The parties' dispute arose from an acquisition agreement (the "Agreement") entered into in December 2002 under which Fairchild sold its aerospace fastener business to Alcoa for a purchase price in an amount of approximately $657 million. The Agreement provided that Fairchild would indemnify Alcoa for certain environmental liabilities which, as defined, entailed expenses exceeding an account reserve of $8.45 million for this purpose and were associated with remediation work required to cure non-compliance with environmental and health and safety laws. To fund such indemnification payments, the parties agreed to maintain an escrow account of $25 million drawn from the purchase price.
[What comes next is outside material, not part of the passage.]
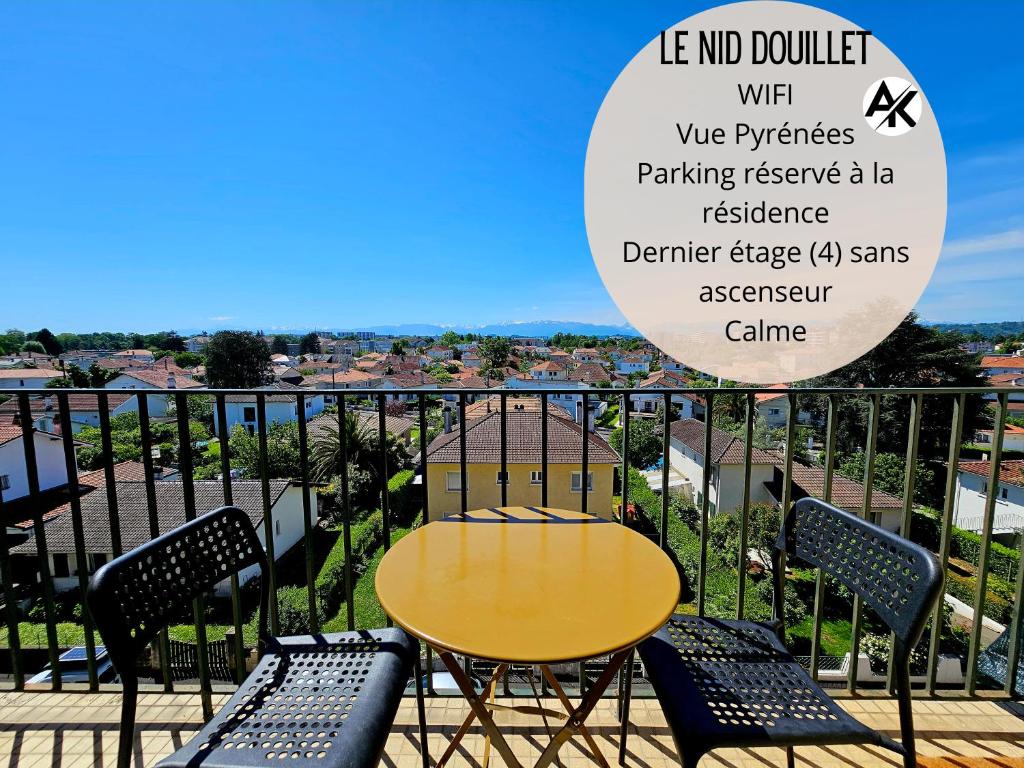 une table et des chaises jaunes sur un balcon dans l'établissement Nid douillet palois vue Pyrénées - Parking, à Pau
The Agreement included an arbitration clause providing a procedure governed by the Federal Arbitration Act to resolve disputes regarding the validity or amount of any claim for indemnification.

Pursuant to the Agreement, Alcoa submitted to Fairchild, over the period from the closing date in December 2002 through December 2006, more than 200 claims seeking indemnification in a total amount of $16,385,493.92 for costs Alcoa asserted it incurred in connection with qualifying corrective work performed at various facilities it acquired from Fairchild. Fairchild rejected all of Alcoa's claims, contending that: (1) Alcoa had failed to provide adequate documentation that it had actually incurred the expenditures; (2) the claims were not covered by the Agreement or not explicitly ordered by regulatory authorities; (3) Fairchild had not been given adequate notice of the corrective work; and (4) Fairchild was entitled to offsets for certain tax benefits Alcoa would receive in respect of operating losses Fairchild had incurred in connection with portions of the claims in question.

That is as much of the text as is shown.